The listing below has to be output exactly as given, less its pictures.

Data shown –
Segment Open

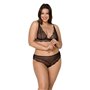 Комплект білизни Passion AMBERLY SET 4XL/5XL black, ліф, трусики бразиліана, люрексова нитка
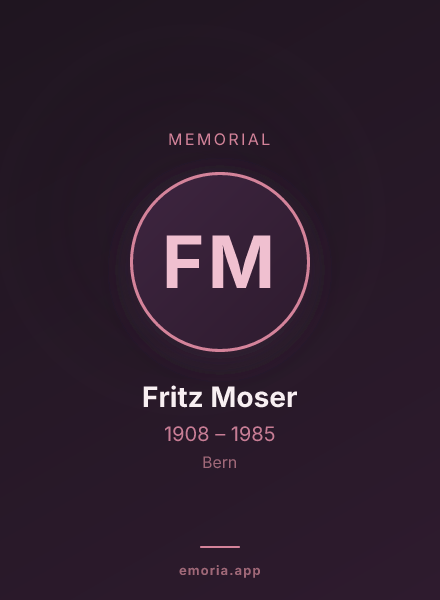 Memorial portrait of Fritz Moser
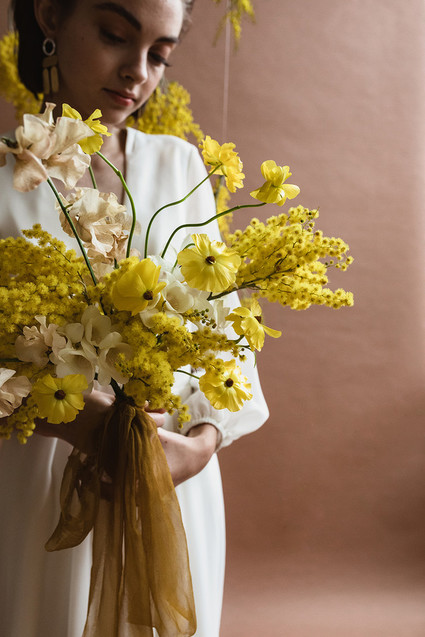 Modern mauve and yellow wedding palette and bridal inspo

Segment Closed

Written reply –
 Комплект білизни Passion AMBERLY SET 4XL/5XL black, ліф, трусики бразиліана, люрексова нитка
 Memorial portrait of Fritz Moser
 Modern mauve and yellow wedding palette and bridal inspo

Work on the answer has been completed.